2.1956 on 10–20 August, Taiyang exhibition of painting "sister.

3.1957 on days 7 to 16 December, le province's art exhibition, painting exhibition "A level."

4.1957 on 21–27 August, Taiyang exhibition of painting "Tamkang afar."

5.1960 on days 25 to 29 May, Taiyang exhibition of painting "downhill."

6.1965 on 2–9 May, Chen Huei, double exhibition Lin Chang-tao, Taipei International Gallery.

7.1972 on 30 November to 5 December, a long stream of Painting, an exhibition of plastic colour "Yushan first peak."

8.1973 on 3–8 October, a long stream Painting, plastic color display "on the outskirts of Paris," "other house."

9.1974 on 3–8 December, a long stream Painting, plastic color display "Mt.

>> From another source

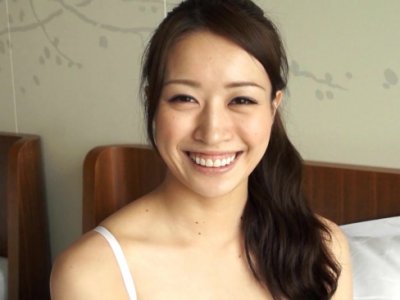 無修正　笑顔の素敵な美人人妻の自慰行為。恥ずかしながらもしっかりイキまくる淫乱女妻。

Plateau."

10.1976, Professor exhibition - to commemorate the birthday of President Chiang Kai-shek Chiou-chih, painting exhibition "Blanque first peak."

11.1976, the Fine Arts Department of Normal - to celebrate the 30th anniversary, featuring painting "Riverside Belgium belfries."

12.1980, the annual literary sixty-nine of activities, painting exhibition "Wuen-woo Court reflection."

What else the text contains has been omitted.